> [WORK ITEM]: Retype exactly the lines that run from the line with "Villa te huur" to the final line of the entries, keeping both ends and nothing else.
.....
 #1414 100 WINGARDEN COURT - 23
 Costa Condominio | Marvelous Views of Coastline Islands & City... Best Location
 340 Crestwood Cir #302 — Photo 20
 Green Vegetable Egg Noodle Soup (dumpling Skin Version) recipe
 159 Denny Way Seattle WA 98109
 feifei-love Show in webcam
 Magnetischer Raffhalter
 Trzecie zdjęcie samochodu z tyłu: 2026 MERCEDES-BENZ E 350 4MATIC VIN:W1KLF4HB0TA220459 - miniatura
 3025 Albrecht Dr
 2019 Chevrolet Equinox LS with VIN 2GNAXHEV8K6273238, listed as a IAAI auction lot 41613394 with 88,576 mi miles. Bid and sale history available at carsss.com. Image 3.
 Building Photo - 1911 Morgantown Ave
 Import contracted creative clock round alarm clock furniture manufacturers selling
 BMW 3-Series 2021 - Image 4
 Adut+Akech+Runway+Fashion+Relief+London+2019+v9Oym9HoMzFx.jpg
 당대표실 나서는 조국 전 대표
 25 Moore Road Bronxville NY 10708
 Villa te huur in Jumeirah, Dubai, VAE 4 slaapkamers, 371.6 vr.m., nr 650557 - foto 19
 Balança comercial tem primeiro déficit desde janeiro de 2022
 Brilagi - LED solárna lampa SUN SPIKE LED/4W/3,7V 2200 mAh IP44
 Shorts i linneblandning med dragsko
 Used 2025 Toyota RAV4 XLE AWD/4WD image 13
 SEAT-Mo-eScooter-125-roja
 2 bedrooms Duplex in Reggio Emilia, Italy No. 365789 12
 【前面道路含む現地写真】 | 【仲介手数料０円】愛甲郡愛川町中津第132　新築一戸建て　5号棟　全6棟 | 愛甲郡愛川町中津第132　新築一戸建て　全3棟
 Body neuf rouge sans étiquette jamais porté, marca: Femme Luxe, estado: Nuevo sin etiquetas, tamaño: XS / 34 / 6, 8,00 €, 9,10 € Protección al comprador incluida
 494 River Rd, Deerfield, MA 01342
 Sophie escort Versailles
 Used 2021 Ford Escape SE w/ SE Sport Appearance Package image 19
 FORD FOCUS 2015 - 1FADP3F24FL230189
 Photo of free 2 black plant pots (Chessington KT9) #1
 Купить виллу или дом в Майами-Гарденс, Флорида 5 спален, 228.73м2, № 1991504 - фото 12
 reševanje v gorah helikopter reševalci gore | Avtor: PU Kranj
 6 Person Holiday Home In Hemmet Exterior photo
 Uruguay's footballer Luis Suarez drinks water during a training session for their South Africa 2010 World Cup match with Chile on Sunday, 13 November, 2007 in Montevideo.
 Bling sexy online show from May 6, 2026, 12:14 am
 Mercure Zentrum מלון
.....
> [FINAL ANSWER]:
 Villa te huur in Jumeirah, Dubai, VAE 4 slaapkamers, 371.6 vr.m., nr 650557 - foto 19
 Balança comercial tem primeiro déficit desde janeiro de 2022
 Brilagi - LED solárna lampa SUN SPIKE LED/4W/3,7V 2200 mAh IP44
 Shorts i linneblandning med dragsko
 Used 2025 Toyota RAV4 XLE AWD/4WD image 13
 SEAT-Mo-eScooter-125-roja
 2 bedrooms Duplex in Reggio Emilia, Italy No. 365789 12
 【前面道路含む現地写真】 | 【仲介手数料０円】愛甲郡愛川町中津第132　新築一戸建て　5号棟　全6棟 | 愛甲郡愛川町中津第132　新築一戸建て　全3棟
 Body neuf rouge sans étiquette jamais porté, marca: Femme Luxe, estado: Nuevo sin etiquetas, tamaño: XS / 34 / 6, 8,00 €, 9,10 € Protección al comprador incluida
 494 River Rd, Deerfield, MA 01342
 Sophie escort Versailles
 Used 2021 Ford Escape SE w/ SE Sport Appearance Package image 19
 FORD FOCUS 2015 - 1FADP3F24FL230189
 Photo of free 2 black plant pots (Chessington KT9) #1
 Купить виллу или дом в Майами-Гарденс, Флорида 5 спален, 228.73м2, № 1991504 - фото 12
 reševanje v gorah helikopter reševalci gore | Avtor: PU Kranj
 6 Person Holiday Home In Hemmet Exterior photo
 Uruguay's footballer Luis Suarez drinks water during a training session for their South Africa 2010 World Cup match with Chile on Sunday, 13 November, 2007 in Montevideo.
 Bling sexy online show from May 6, 2026, 12:14 am
 Mercure Zentrum מלון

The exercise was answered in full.